The Teaching Compact

As one of the last cohort of flesh-and-bone tenured teachers of non-STEM courses at the postsecondary level, allow me to express what always ought to have been better understood, in this last light before the machines take over teaching as they have already begun to take over grading. Administrators, we all recognize, have long since been replaced by robots, whose reading is limited to grant applications and teaching evaluations.

I, as the professor, am not primarily interested in assessment. I want you to leave each class, and the course over all, curious, critically aware, and eager to find time to read, to look, and to discuss the subject further — equipped to carry on rather than crowned with credits for your grade-point average.

For my part, I will not be interrupted by the phone during class or meetings with you. I will be available if you want help in understanding the material. I will be thinking about what I teach and will come prepared and on time for class. I will teach a subject I think is worth your time in the long run, even if it offers little immediate practical application. I will never give the same course twice, because I am not a machine, and you aren’t, either. I will demand that you articulate your ideas, and I will listen to and read your efforts myself. I want you to learn the pleasures and benefits of concentration, both communal and individual, all the more so in an age of constant interruptions and distractions.

I want to introduce you to some of the great writings and works of art of our intellectual tradition, some famous and others not, my individual but not utterly idiosyncratic selection of meat (and vegetable) worthy for you to feast on. I will not follow a textbook and call that teaching. I will not encourage your classmates to talk if they have not prepared adequately beforehand.

I will not have a detailed and preconceived idea of what you should learn or accomplish in the class, other than intensive, careful, self-critical work, and a bit of basic memorization that will do you no harm.

I expect you not to exit the room during class, either electronically or to use the restroom; I expect you to stay awake in class and respond to questions. I expect you to do the reading and to come prepared to ask questions about anything you might not have understood. I expect you to spend long hours on written assignments — a term paper should be thought about over the length of the term (sustained, independent effort is one of the primary lessons of the liberal arts), library books should be consulted. and the writing should be done over a period extended enough  to allow time for revisions both drastic and minute.

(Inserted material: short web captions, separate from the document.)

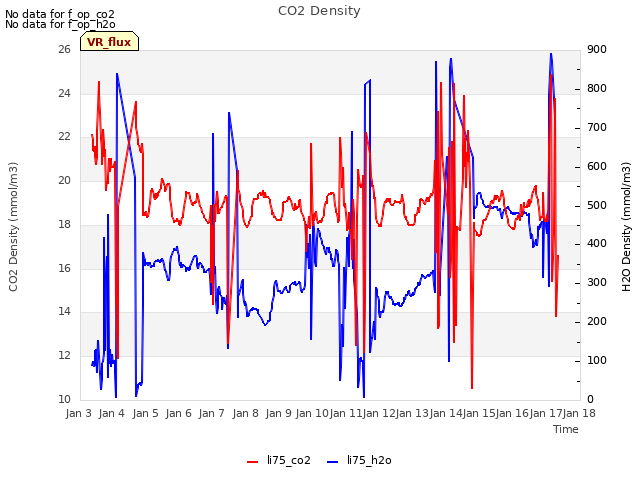 plot of CO2 Density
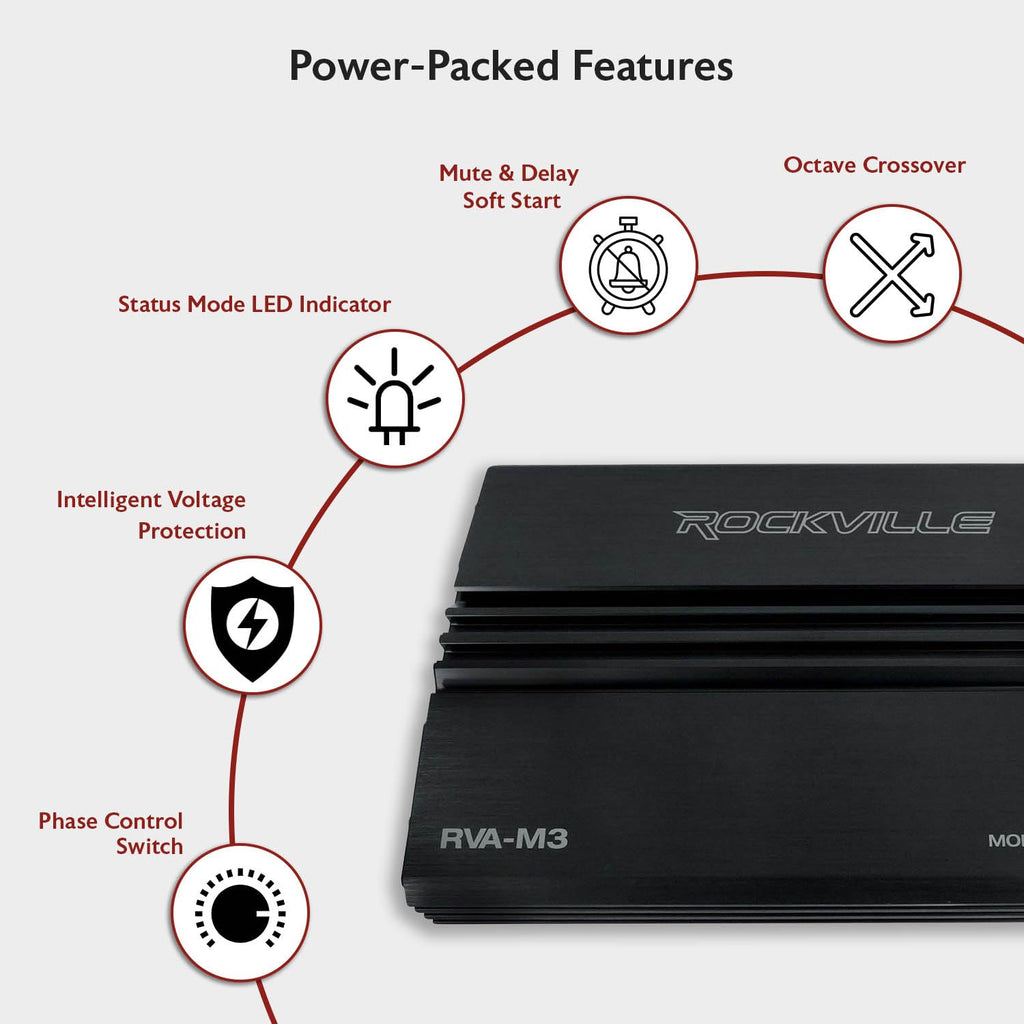 Rockville RVA-M3 V2 Mono Car Amplifier, 4000W, 1000W Dyno-Certified RMS @ 1 Ohm, Class-D, MOSFET, Bass Remote, Perfect for Subwoofers and Car Audio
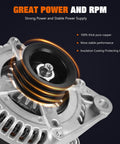 Close-up view of Truck-Ready Alternator Replacement 160A CW 6-Groove Pulley with copper coils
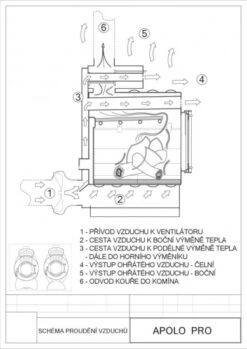 Warmluftofen APOLO 14 Pro Mit Ventilator 14 KW -Napoleon Geschaft fbcdaabae05d0d3f55b7dc0df6aee000 1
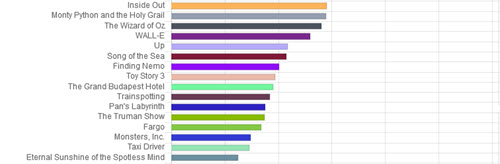 length vs duration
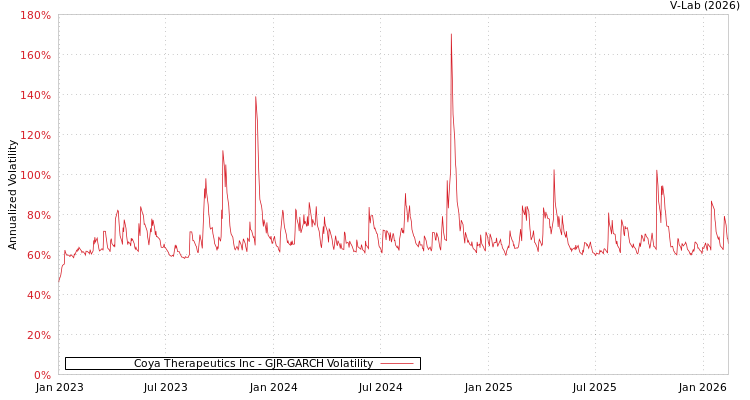 graph of Coya Therapeutics Inc GJR-GARCH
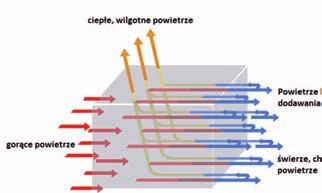 KLIMATYZATORY EWAPORACYJNE POŚREDNIE - technologia Pośrednie chłodzenie w naszych urządzeniach zrealizowane jest przez specjalnie skonstruowany wymiennik ciepła wewnątrz klimatyzatorów.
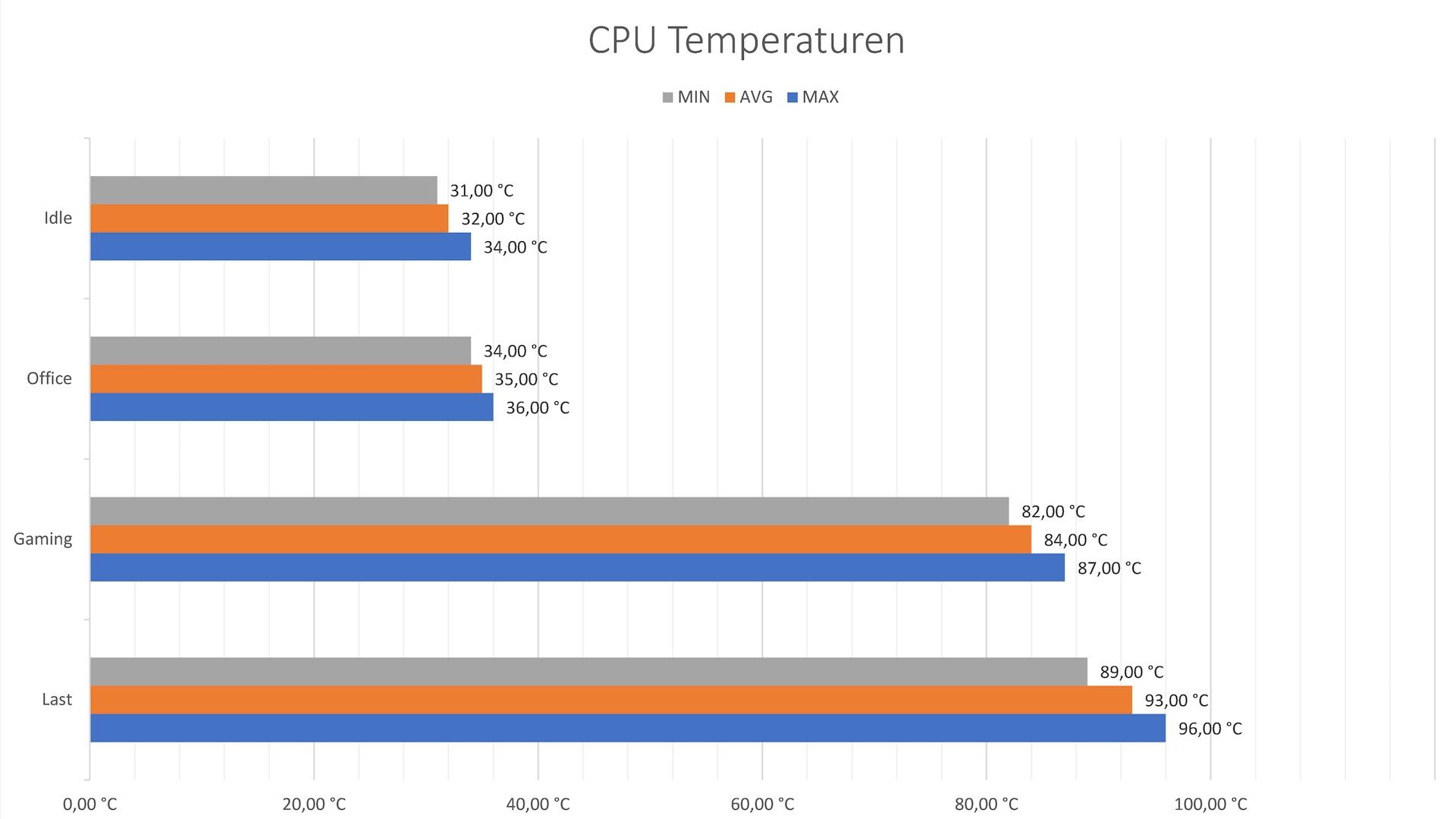 GEEKOM Mini IT13 - Temperatur.jpg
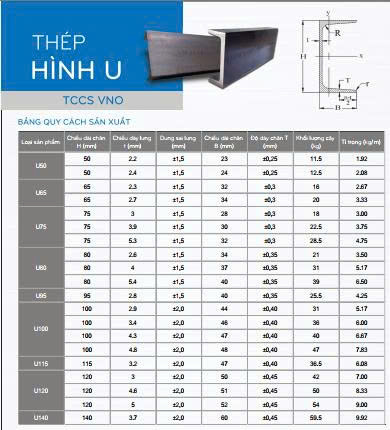 Bảng tra quy cách thép U-Vinaone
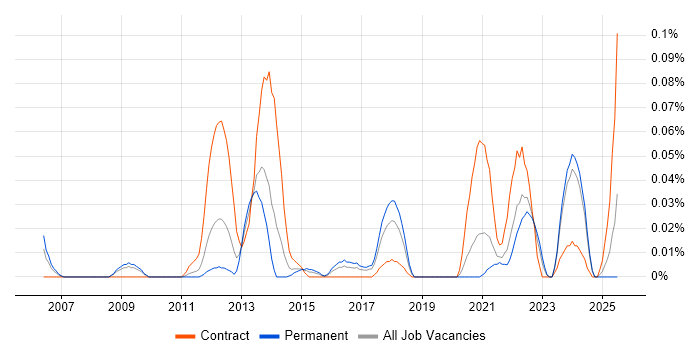 Job vacancy trend for CAPM in the Midlands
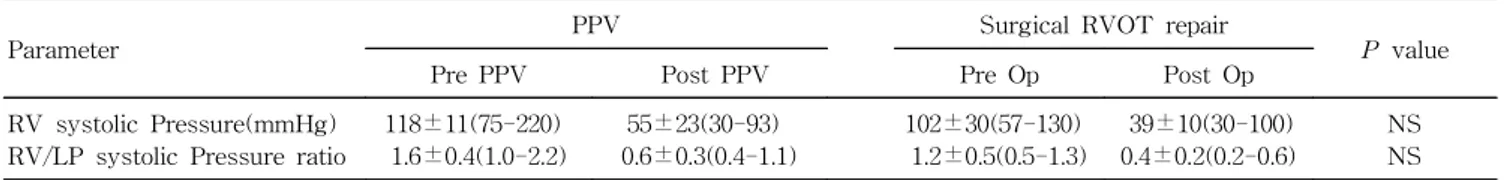 Table 3. Summary of Pulmonary Balloon Valvotomy for Treatment of Pulmonary Valve Atresia from Published Data &amp; This Study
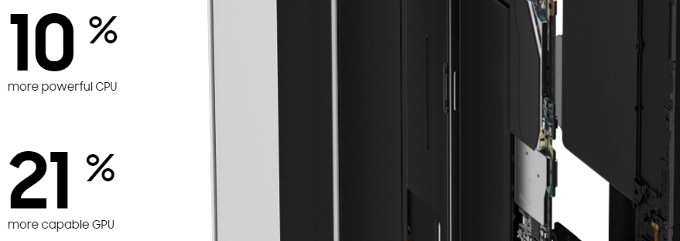 Đánh giá hiệu năng Galaxy S8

It is not sufficient to avoid plagiarism: you should attempt to think for yourself, after having equipped yourself to know what and how others have thought along similar lines. Your papers are not assignments to be checked off but attempts at achieving flight. Occasional failure would be a good sign, assuming that the failure derived from boldness and exploration rather than turpitude and laziness. I expect you to show some interest in your fellow students’ responses to course material, to the extent that my role in the classroom is sometimes that of facilitator rather than authority. It is in the nature of the humanities that newcomers can have insights that old-timers may have missed.

As for the institution hosting our endeavors, it needs to preserve the library, selecting scholarly books of high quality and retaining them for the long term, so that some unpredictable student of the future, wandering aimlessly in the stacks, might find treasure, just as Michelangelo saw in the Belvedere Torso a potential others had been blind to. Few things change more than our sense of relative value, and, accordingly, a research library needs to keep the old and even the out-of-date.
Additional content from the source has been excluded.